Furthermore, consider the situation facing single parents, who now constitute 13 percent of all undergraduates and one-third of all low-income undergraduates.  If a single mother is working at a low-wage job, she may qualify for assistance from Temporary Aid to Needy Families, the Supplemental Nutrition Assistance Program, and/or Section 8 housing. If instead she is pursuing a college degree and thus cannot keep up those work hours, she is often rendered ineligible for that assistance, increasing the living costs that she must cover on a monthly basis, while decreasing the sources from which she might obtain support. If juggling work and college, she must also obtain childcare at non-traditional hours, and incur additional transportation costs. The ways that she can obtain living expenses for her and her children are narrowed by going to school, which may in time render college unaffordable. Clearly there are marginal living expense costs arising from attending college that are not observed in administrative data sets or systematically collected in surveys. Since they are not observed, they are often simply assumed to be zero, helping to make college appear more affordable.

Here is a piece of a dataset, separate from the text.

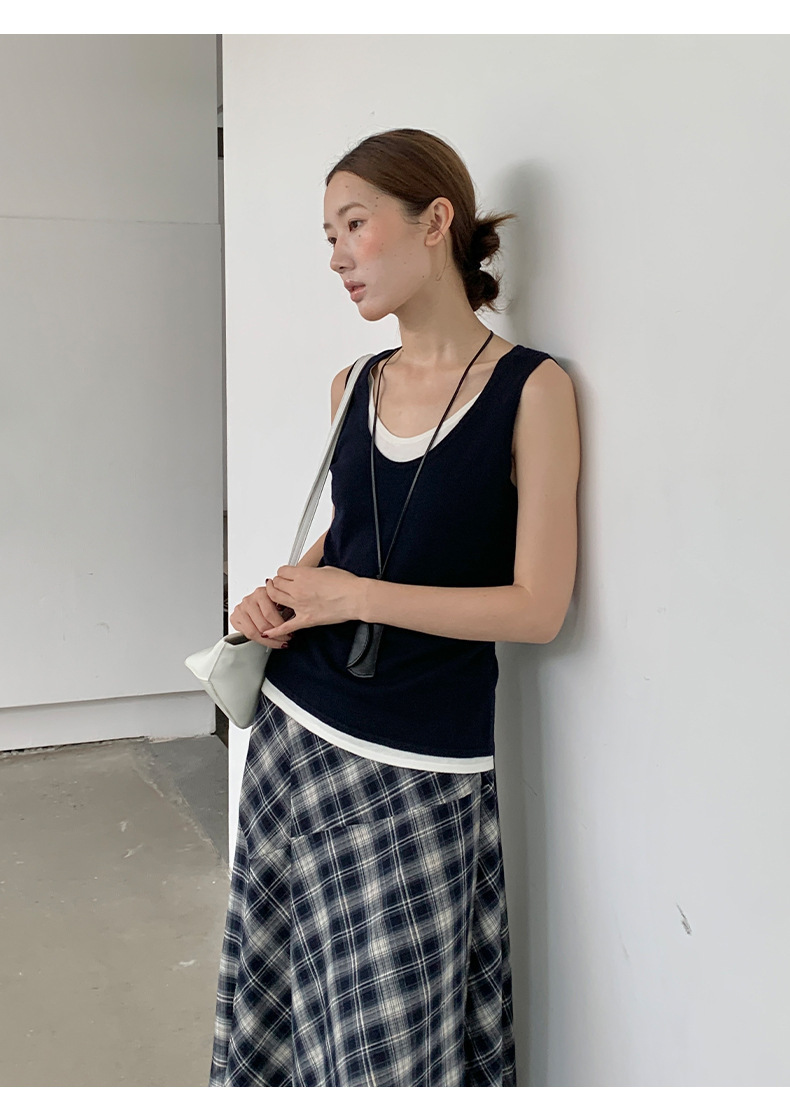 9W10 慵懶撞色層次感假兩件背心 五色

A sizable fraction of the growth in student loans is undoubtedly coming from their need to live while attending college, and those costs would not be incurred in the same way or need to be covered with the same approaches if students were not in school.  Policymakers may want to avoid this, and schools may want to downplay it, but the fact that millions of students are facing the same challenges tells us something important: these are not personal troubles of individuals, they are public issues that must be addressed with public policy.   In an era of scarce resources, I argue that the best way to address such concerns is with a focused effort to ensure that there is an affordable high-quality public option available to everyone.  We can reduce borrowing by lowering tuition and fees substantially in the public sector, where the vast majority of borrowers are enrolled. We can further take steps to make college enrollment pay by expanding the federal work-study program, indexing it to living wages rather than the appalling low minimum wage, and reinstating the ability of students to live with their families while in college without losing critical social benefits. Finally, we can invest in tax preparation and benefits access programs on college campuses, which can help students obtain resources such as the Earned Income Tax Credit, so that they have the option to borrow less.

Higher Ed Not Debt is a serious effort to help today’s students and yesterday’s borrowers learn that the solution to their shared troubles  is not to struggle individually, but to join forces with those who share their experiences.  Let’s hope its leaders can change this destructive narrative.